Below, some information on the emerging industry of the Two Sicilies:
• There were over 100 mechanical engineering factories, out of them 15 with more than 100 employees and 6 with over 500 employees. Pietrarsa was the largest mechanical industry in Italy, out of three factories able to produce locomotives in Italy (Pietrarsa, Guppy and Ansaldo), two were in the South (Pietrarsa, Guppy). The steel and metalworking industry counted 20,000 employees at the South, to be compared with about 60,000 of the whole peninsula, the steel complex of Mongiana, founded in 1768, was the first Italian producer of raw materials and semi-finished products for the metalworking industry.
• The merchant fleet was 80% of the Italian fleet and was fourth in the world, with over 250 thousand tons of ships, out of them one hundred were steamships, forty shipyards and 25 shipping companies. The shipyard of Castellammare di Stabia, with 1,800 employees, was the first of the Mediterranean.
• The textile industry was flourishing, particularly in the province of Salerno. Textile production in Italy had the two most advanced production areas in Lombardy and Campania; Lombardy had the production of 16 million meters of fabric while Campania had 13 million meters,
• More than 200 paper mills, including Fibreno, the largest in Italy with 500 employees.
• The mining industry was concentrated in Sicily, with the cultivation of the sulfur mines. Near Naples there were some chemical industries for the production of starch, chloride of lime, nitric acid, muriatic acid, sulfuric acid and chemical colors.
• Tanning industry was particularly developed, in particular in Naples, where the factories of gloves came to produce 755,000 pairs (1855), the second European production after Britain.
After the unification, the new governments adopted free trade rates, the lowest in Europe along with England and Belgium. Free trade on one side had a positive effect on commercial outlets for agricultural products but on the other side was disastrous for the emerging industry, which still was not able to compete on equal terms with the industries of countries where the industrial revolution was already in advanced stage: as a result free trade favored the import of industrial products from France and England.
The southern industry, exposed to a new system to whom was not prepared, had to suffer perhaps more than the northern, but did not disappear, indeed there were attempts of reaction, mergers and restructuring, and even new initiatives. In the thirty years following the unification, however, the consequences of a liberal policy for which the Italian system was not yet ready, as well as the complete lack of industrial strategy from the national governments, caused irreversible damage: the southern industry was unable to lead to the process of expansion and continuous growth that characterizes the transition from pre-industrial stage to industrialization, and then began a phase of decline, while investments moved back to agriculture.

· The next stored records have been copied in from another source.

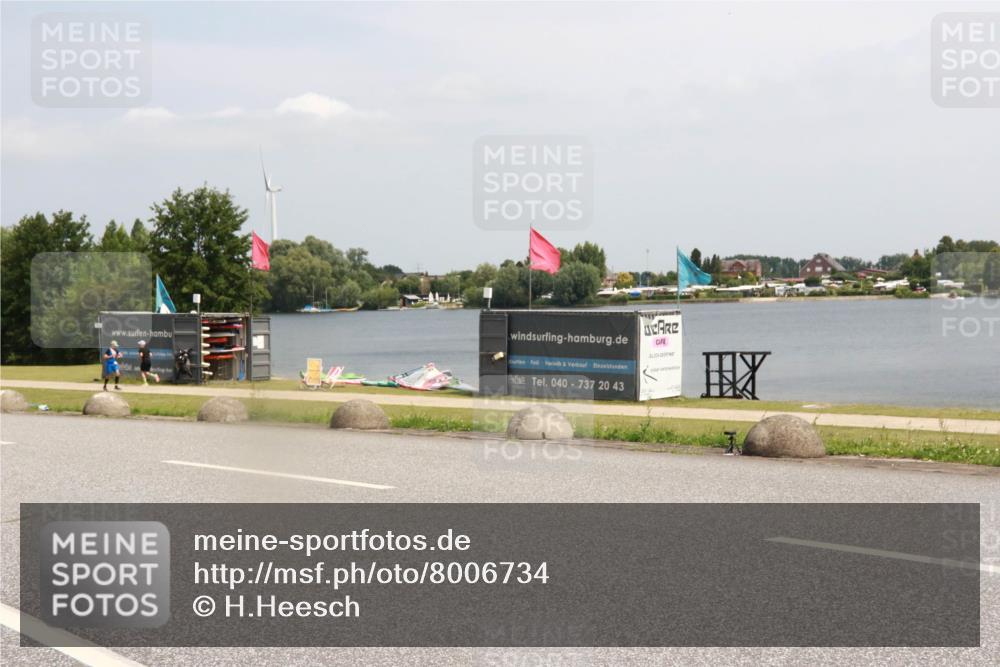 21.06.2025 - 27. Vierlanden-Triathlon H.Heesch http://msf.ph/oto/8006734 15.06.2025 11:59:47 Radfahren 757, 811, 921 meine-sportfotos.de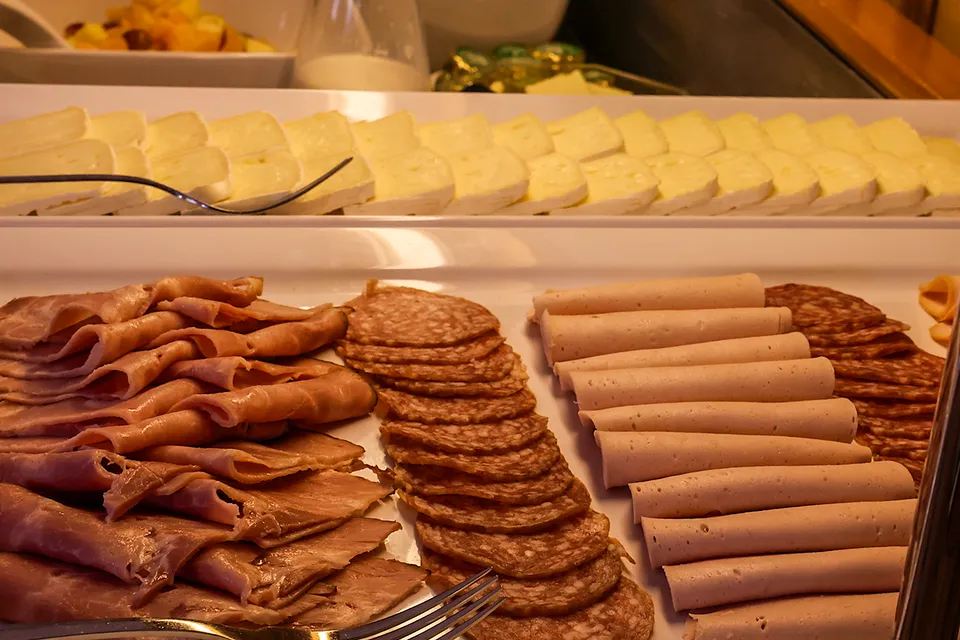 Frühstückssaal & Buffet
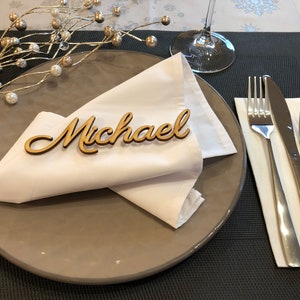Tarjetas de lugar, Tarjetas de lugar para bodas, Nombres personalizados cortados con láser, Nombres cortados con láser en madera, Etiquetas para nombres, Fiesta, Decoración, Regalo, Letreros para mesas
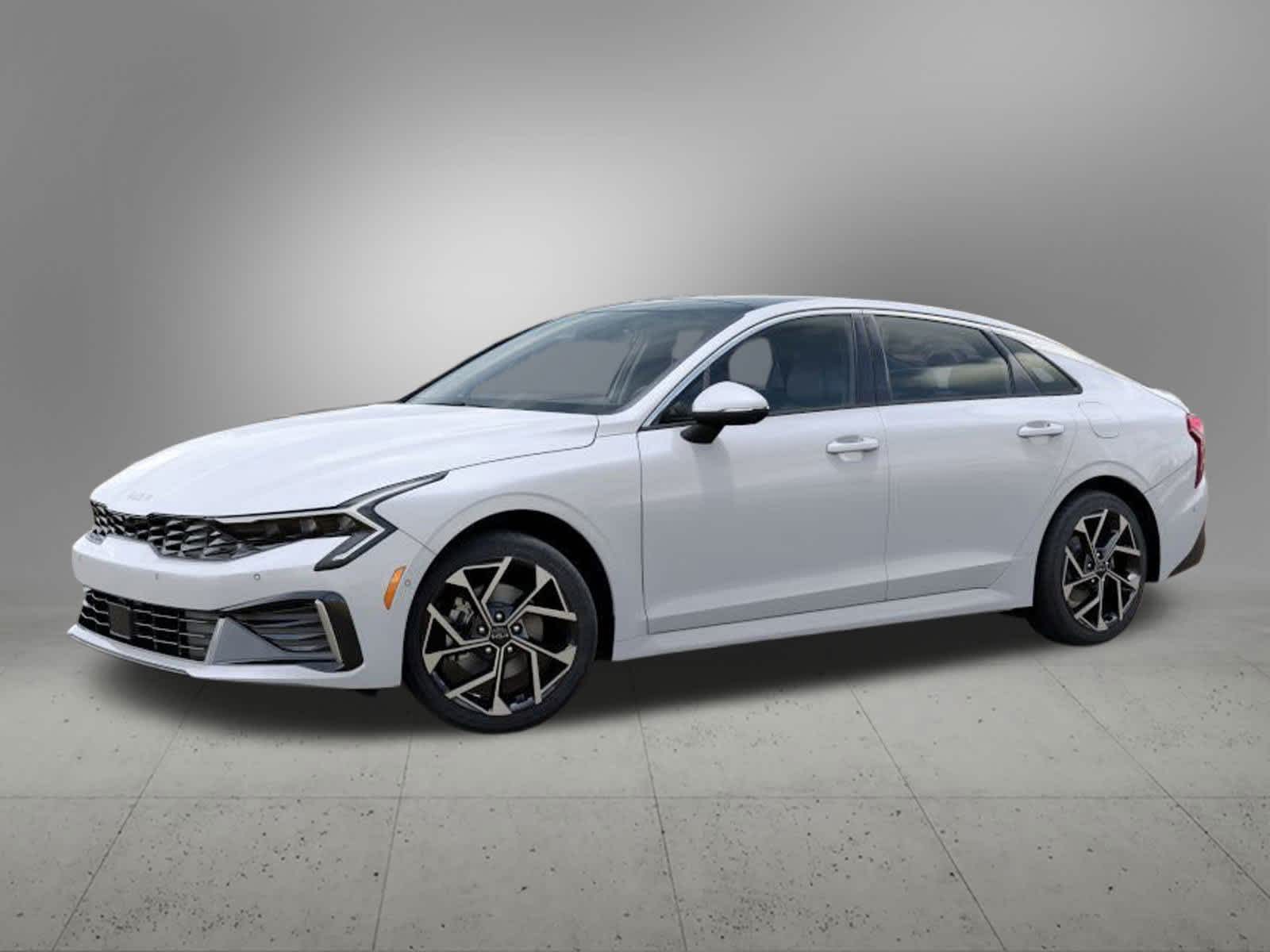 Thumbnail: 2026 Kia K5 - 3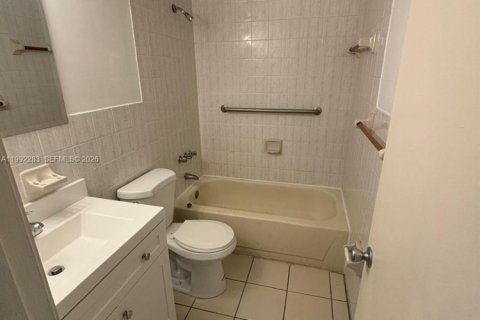 Apartment in Miami, Florida 1 bedroom, 63.17 sq.m. № 2067621 - photo 7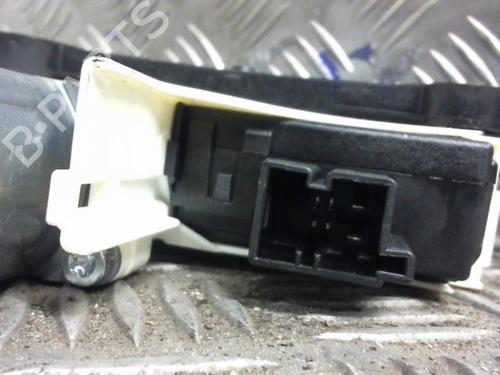 Used Front right window mechanism Front right window mechanism AUDI A4 B8 (8K2) 1.8 TFSI (120 hp) 20018020 20018020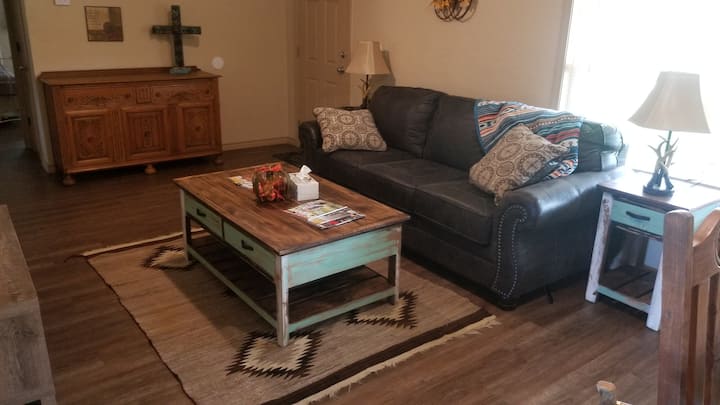 Каучот привремено не може да се користи како кревет, употребата на каучот е целосно функционална.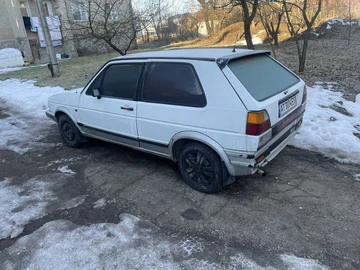 Авто Volkswagen Golf 1986 № 8717827
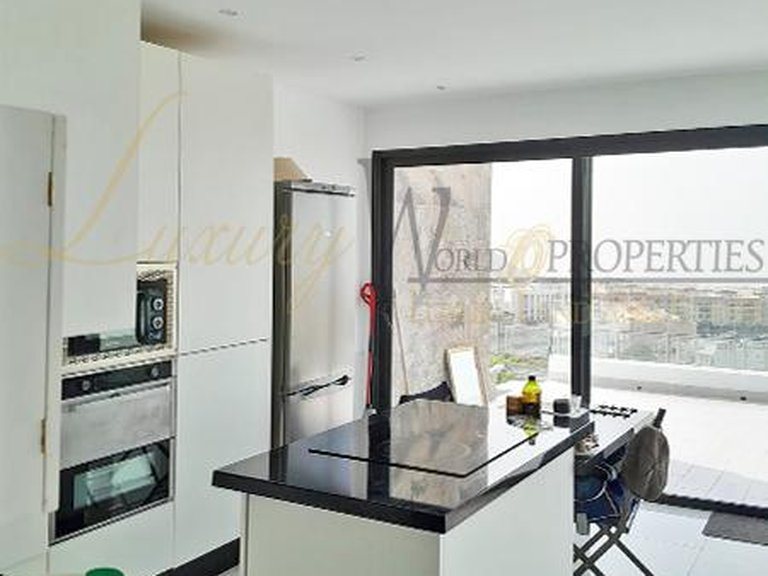 Villa for Sale in Adeje, Tenerife, España 12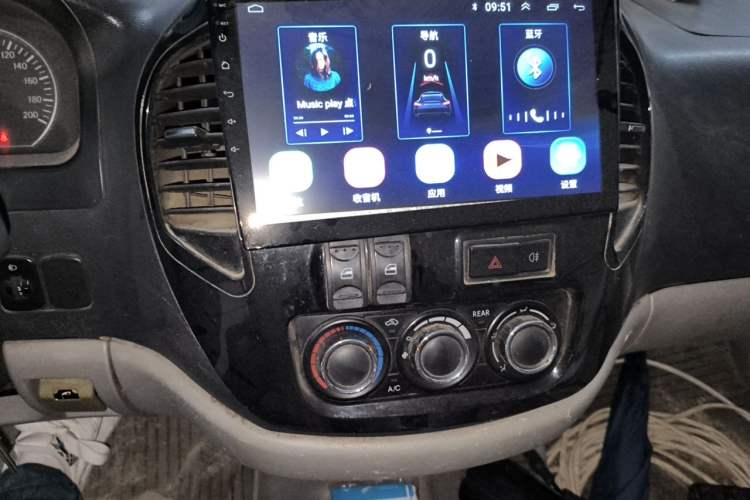 Used FORTHING Lingzhi 2015 M3 1.6L 7-Seater Comfort Model Audio And AC Panel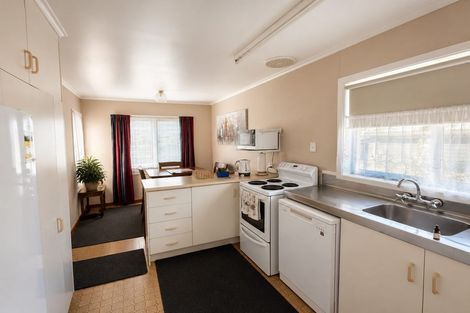 Photo of property in 13 Tiki Street, New Lynn, Auckland, 0600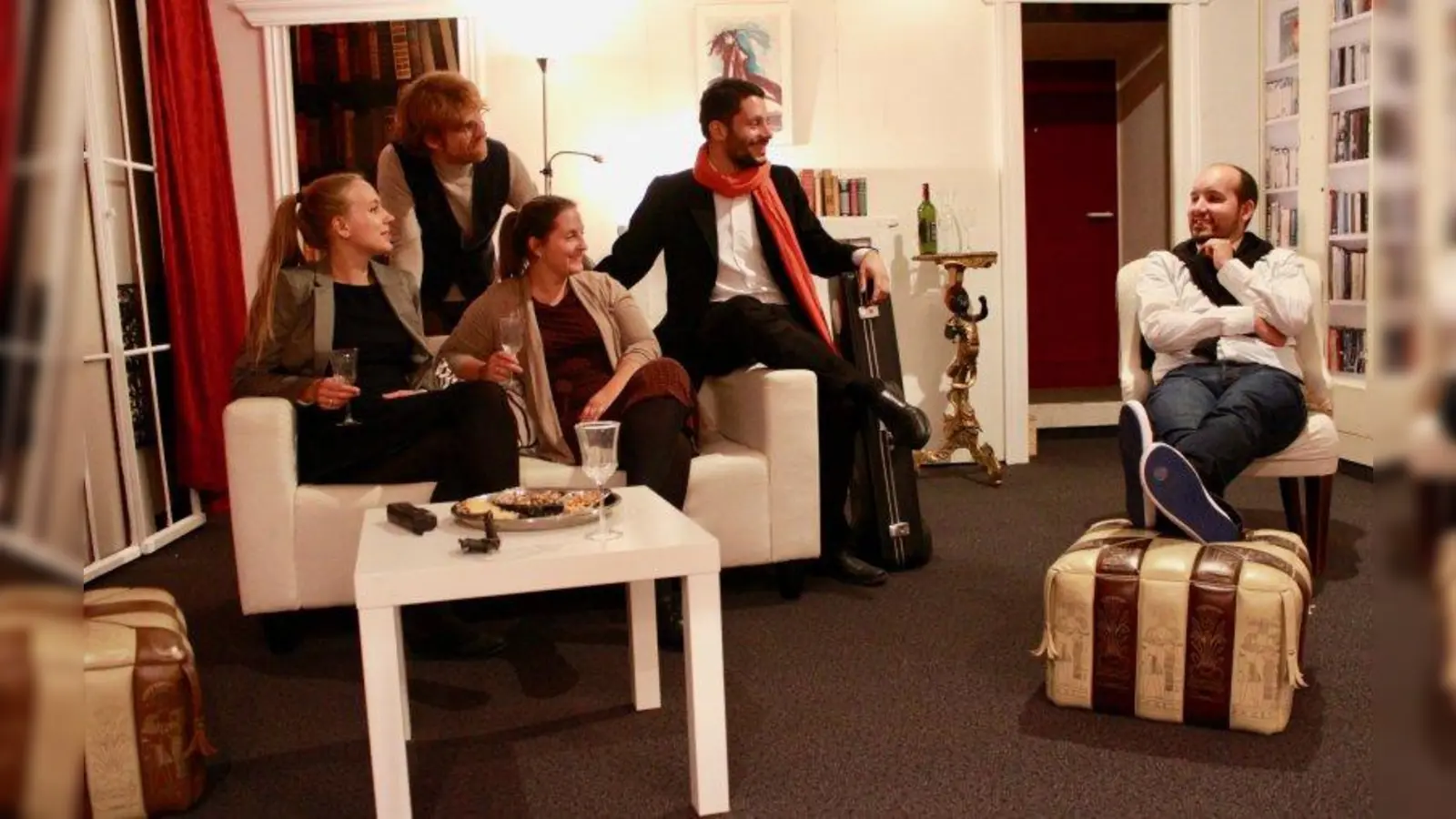 Karolina Leistner, Sebastian Schmederer, Cornelia Frangja, Mario Dietl und Herbert Leistner (von links). (Foto: Kellerthealter Weilheim)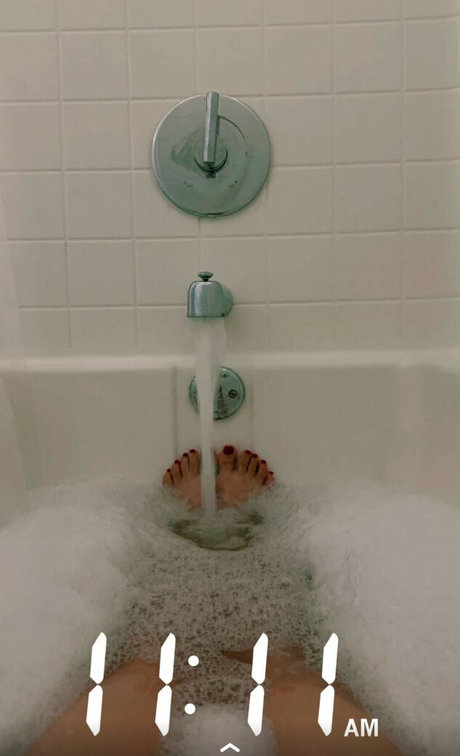 Nehhaa Malik naked model images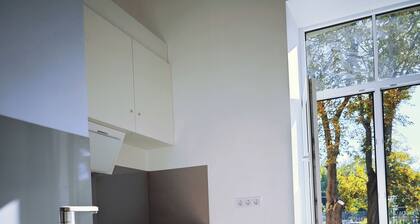 2 bedroom 1.6m&1.2m bed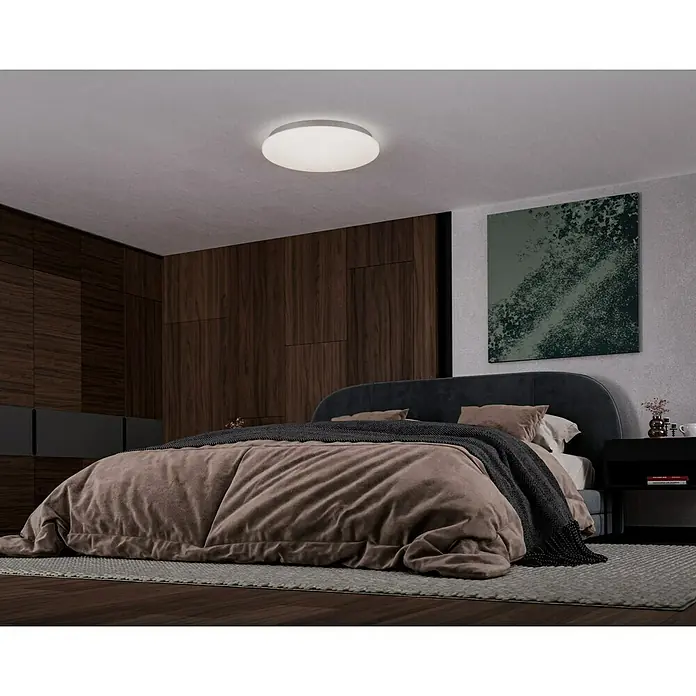 Reality Leuchten LED-Deckenleuchte Kato Starlight - 27 W, L x B x H: 60 x 60 x 12 cm, Weiß, Mehrfarbig - Ein modernes Schlafzimmer mit einer stilvollen Deckenleuchte, die für sanftes Licht sorgt. Der Raum strahlt Ruhe und Komfort aus.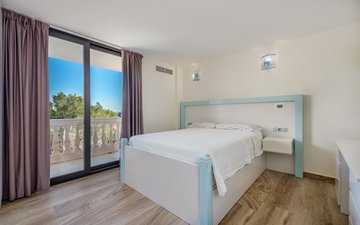 Property slide 16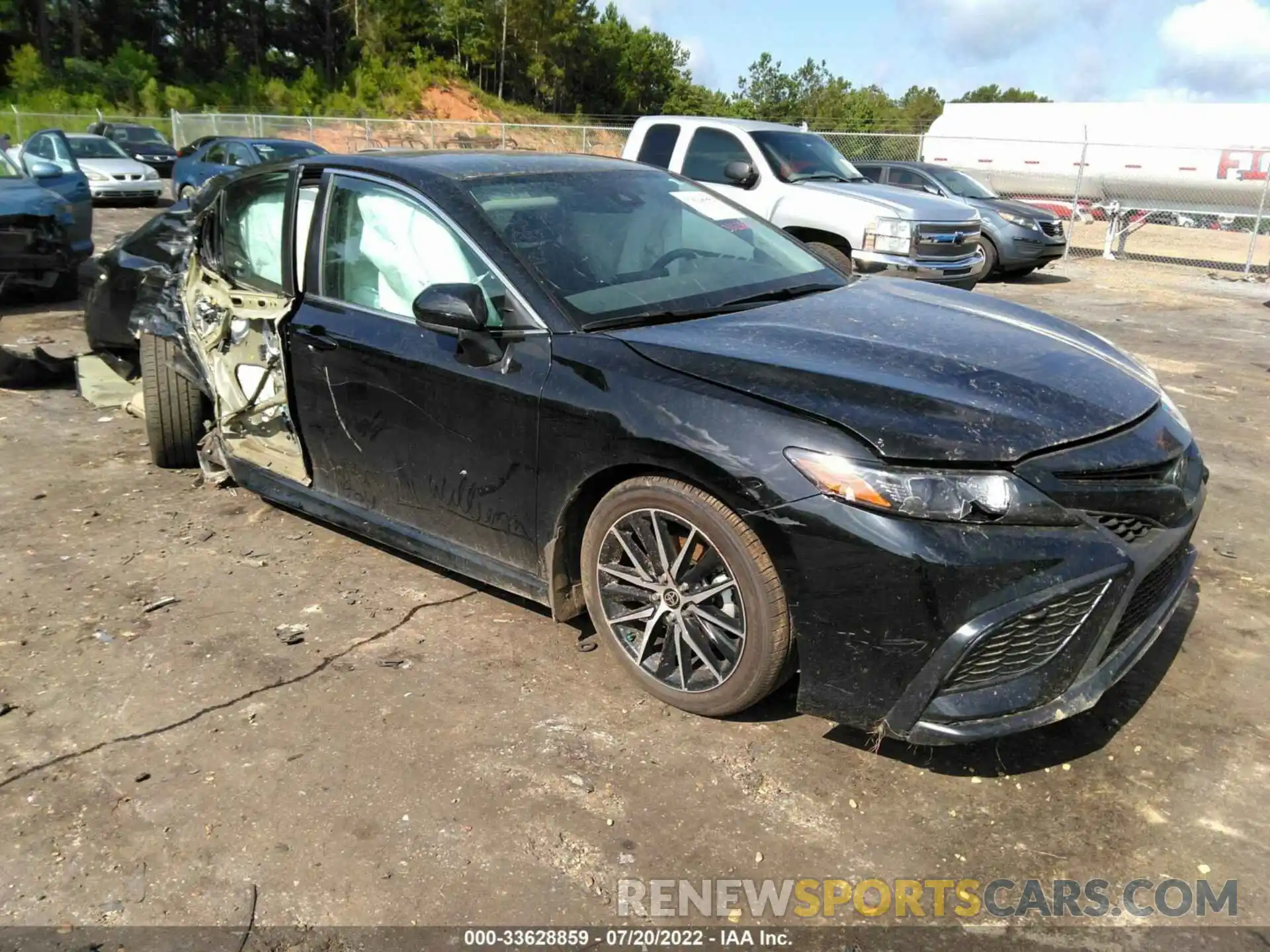 1 Photograph of a damaged car 4T1G11AK6MU614644 TOYOTA CAMRY 2021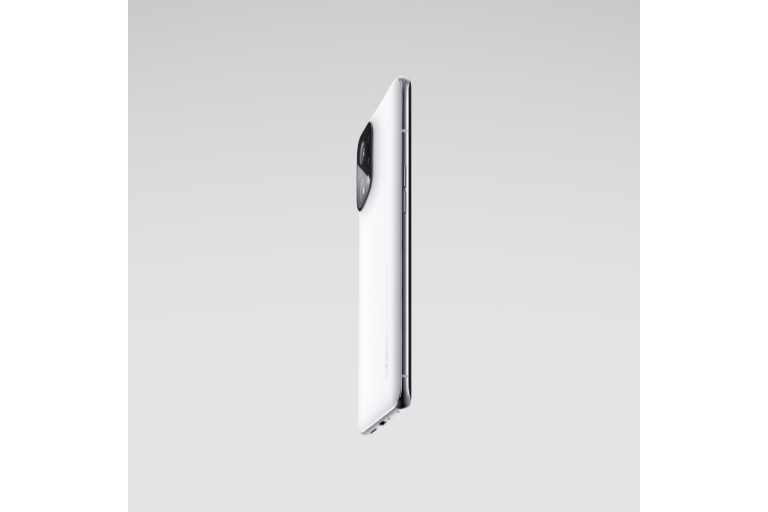  Classic Meets Future 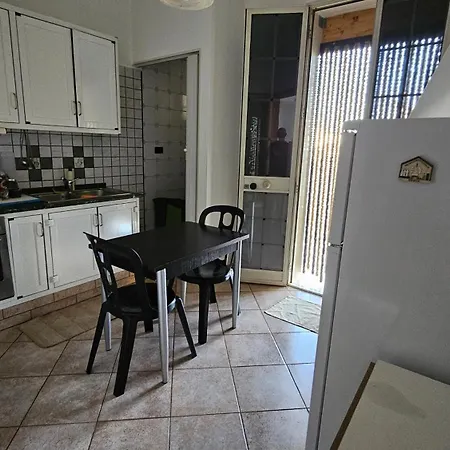 Vacanze, La Casa Di Angelo, Con Terrazzo *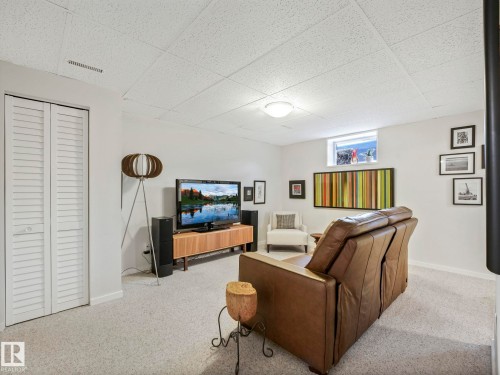 9615 159 Street, Edmonton, AB - Indoor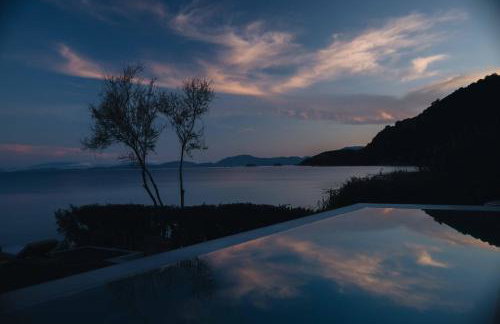 Villa Madouri 5 bed seafront villa with private pool - Foto 36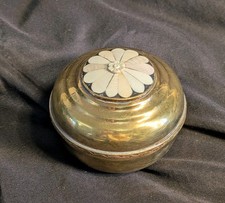 Boite ancienne en Laiton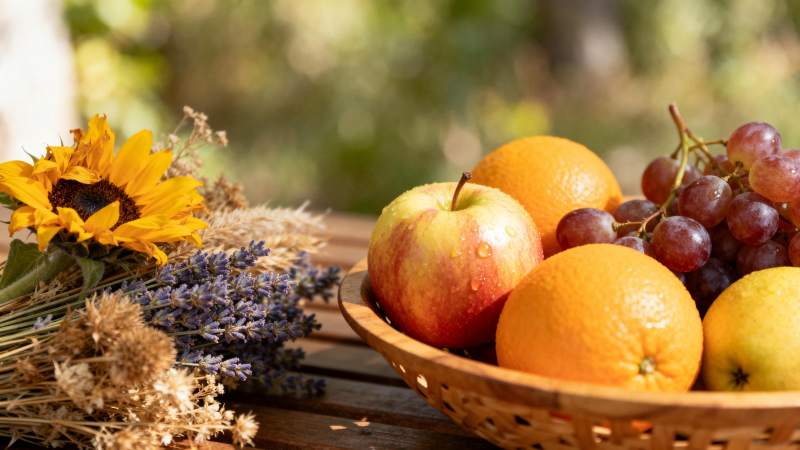 秋日果篮与花束图片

It must be said, for the sake of objectivity, that the unitary state was rather more effective in building infrastructure, in particular rail and road.
One might ask at this point, why the industry succeeded in taking off in the North and did not succeed in the South. The turning point came in 1887, when tariffs were restored, albeit the fruits became visible only in the early twentieth century, after the modernization of the banking system.
In Italy this year is the starting point of the economic dualism that still exists today. At the beginning of the twentieth century, the gap was not yet so pronounced, and at least some industrial areas of the South held their structures: the province of Naples in 1903 had a population equal to 5% of Italy and a number of factories equal to 5% of the national total, only the provinces of Milan and Florence were industrially stronger.
Since then the North began to develop for the known effect of agglomeration, according to which industrial activities tend to be located where there are other similar activities, together with services and infrastructures.
The same phenomenon produced a deterrent effect from engaging in activities in the South, with renewed preference for the agricultural enterprise. A good part of the responsibility is to be found in the work of the politicians, and in particular of some Southerners politicians in search of votes and consensus through an assisted development policy, that failed.